> [TASK STATEMENT]:
Your answer must be an exact copy of the data below, minus any pictures.

> [TASK MATERIAL]:

++++

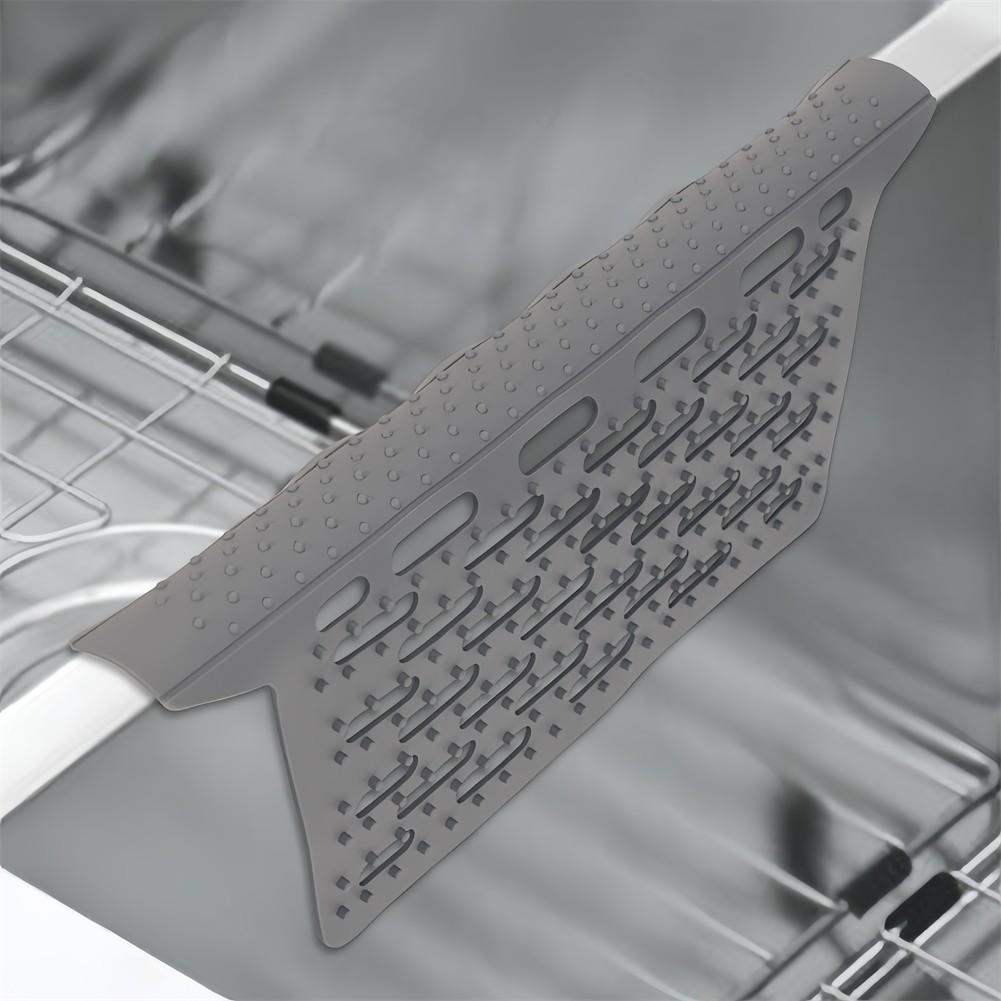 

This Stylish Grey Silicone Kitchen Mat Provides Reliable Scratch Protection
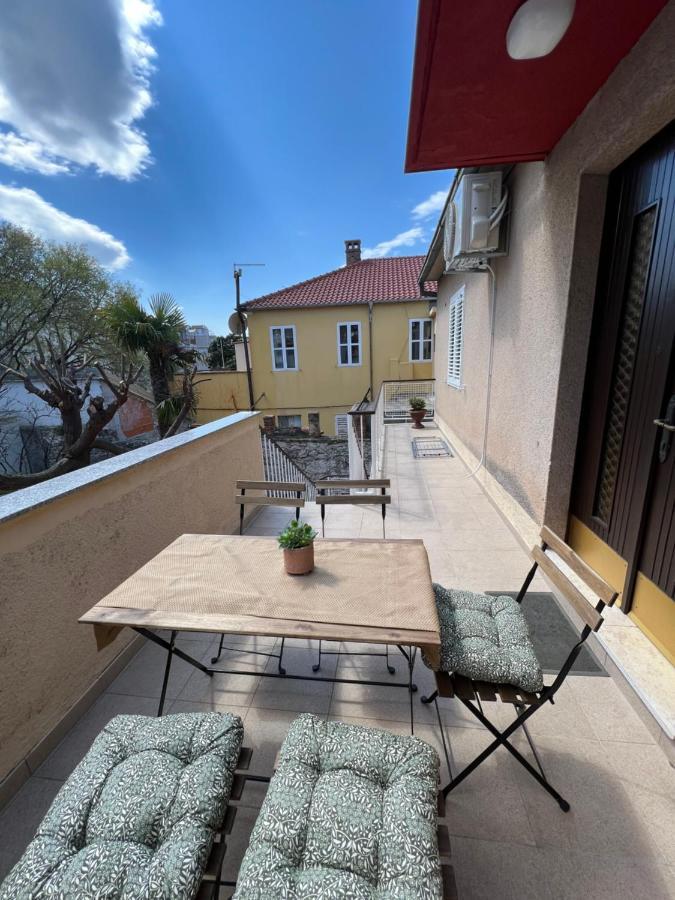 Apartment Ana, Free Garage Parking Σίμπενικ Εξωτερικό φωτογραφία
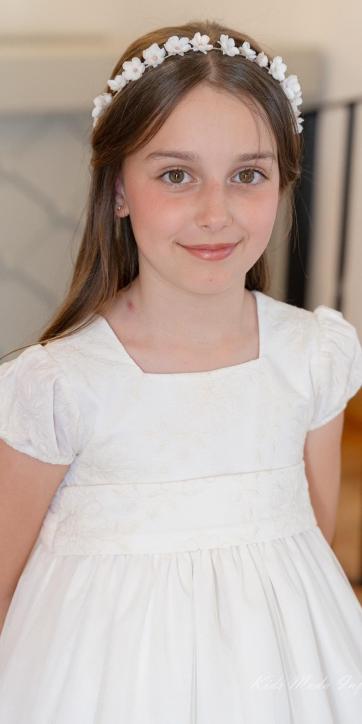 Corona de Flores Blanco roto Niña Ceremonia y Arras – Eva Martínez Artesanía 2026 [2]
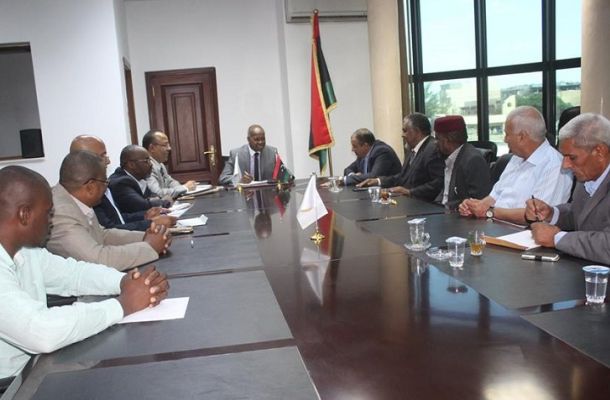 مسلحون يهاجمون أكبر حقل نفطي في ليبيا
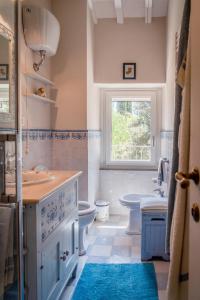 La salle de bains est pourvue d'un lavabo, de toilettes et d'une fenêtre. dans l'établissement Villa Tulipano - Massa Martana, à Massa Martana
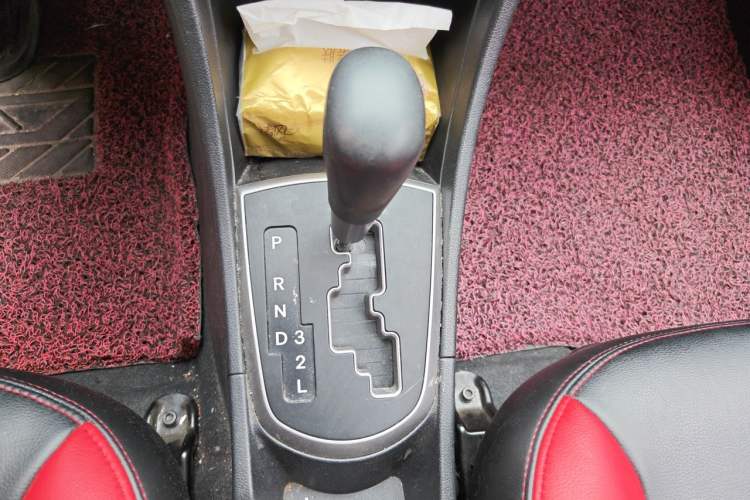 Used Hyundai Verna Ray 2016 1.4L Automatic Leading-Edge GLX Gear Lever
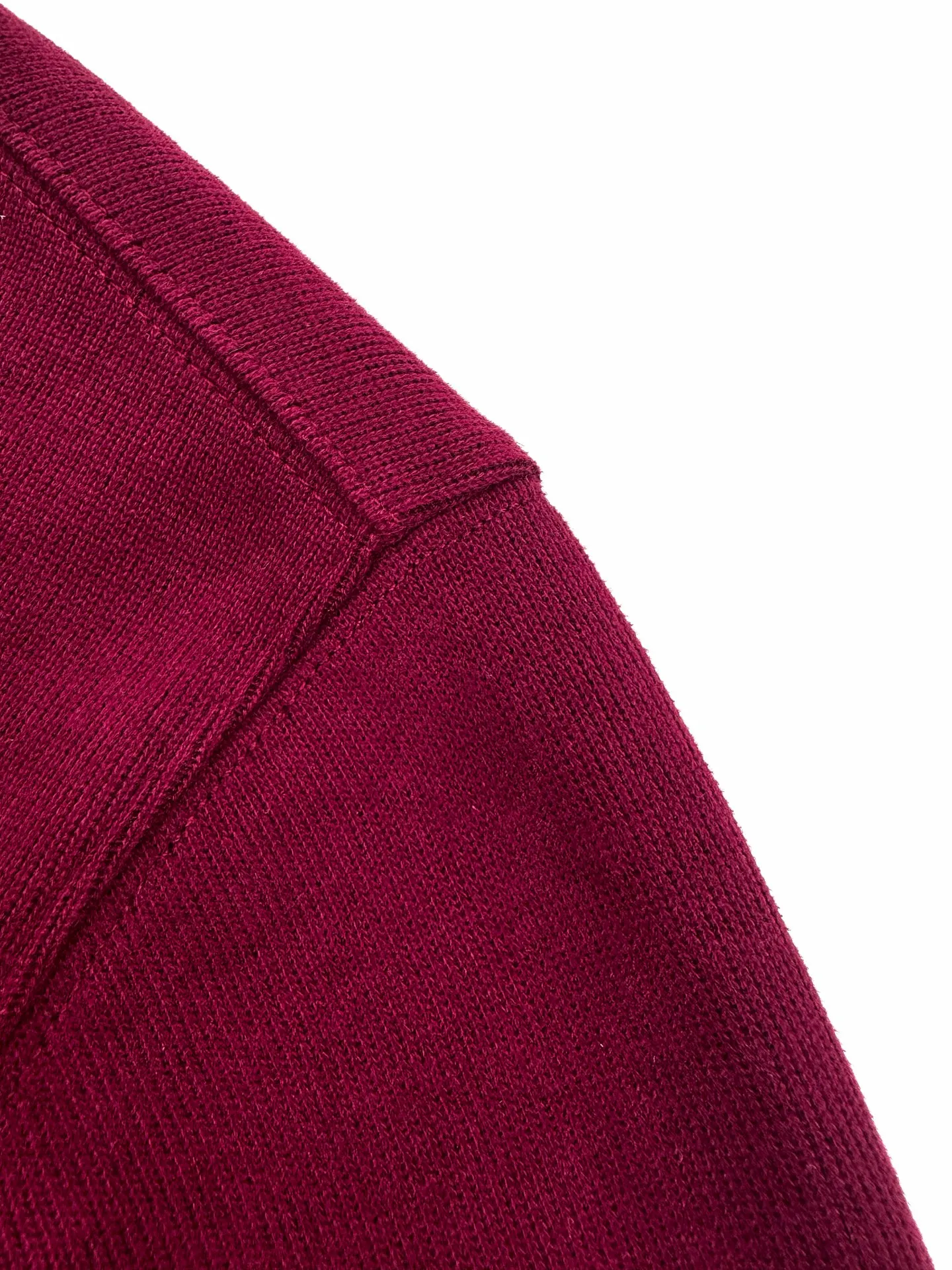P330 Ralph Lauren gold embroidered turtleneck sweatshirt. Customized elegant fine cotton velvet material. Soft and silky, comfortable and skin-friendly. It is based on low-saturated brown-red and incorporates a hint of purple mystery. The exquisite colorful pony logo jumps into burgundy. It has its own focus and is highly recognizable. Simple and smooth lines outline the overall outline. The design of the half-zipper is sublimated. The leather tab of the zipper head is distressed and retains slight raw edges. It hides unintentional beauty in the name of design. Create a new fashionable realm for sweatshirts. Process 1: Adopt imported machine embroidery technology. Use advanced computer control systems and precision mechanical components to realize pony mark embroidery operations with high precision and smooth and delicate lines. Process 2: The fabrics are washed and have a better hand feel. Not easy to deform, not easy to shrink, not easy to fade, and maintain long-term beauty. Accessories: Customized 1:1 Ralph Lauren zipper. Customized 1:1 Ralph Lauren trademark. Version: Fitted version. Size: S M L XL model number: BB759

++++

> [TASK RESULT]:
This Stylish Grey Silicone Kitchen Mat Provides Reliable Scratch Protection
 Apartment Ana, Free Garage Parking Σίμπενικ Εξωτερικό φωτογραφία
 Corona de Flores Blanco roto Niña Ceremonia y Arras – Eva Martínez Artesanía 2026 [2]
 مسلحون يهاجمون أكبر حقل نفطي في ليبيا
 La salle de bains est pourvue d'un lavabo, de toilettes et d'une fenêtre. dans l'établissement Villa Tulipano - Massa Martana, à Massa Martana
 Used Hyundai Verna Ray 2016 1.4L Automatic Leading-Edge GLX Gear Lever
P330 Ralph Lauren gold embroidered turtleneck sweatshirt. Customized elegant fine cotton velvet material. Soft and silky, comfortable and skin-friendly. It is based on low-saturated brown-red and incorporates a hint of purple mystery. The exquisite colorful pony logo jumps into burgundy. It has its own focus and is highly recognizable. Simple and smooth lines outline the overall outline. The design of the half-zipper is sublimated. The leather tab of the zipper head is distressed and retains slight raw edges. It hides unintentional beauty in the name of design. Create a new fashionable realm for sweatshirts. Process 1: Adopt imported machine embroidery technology. Use advanced computer control systems and precision mechanical components to realize pony mark embroidery operations with high precision and smooth and delicate lines. Process 2: The fabrics are washed and have a better hand feel. Not easy to deform, not easy to shrink, not easy to fade, and maintain long-term beauty. Accessories: Customized 1:1 Ralph Lauren zipper. Customized 1:1 Ralph Lauren trademark. Version: Fitted version. Size: S M L XL model number: BB759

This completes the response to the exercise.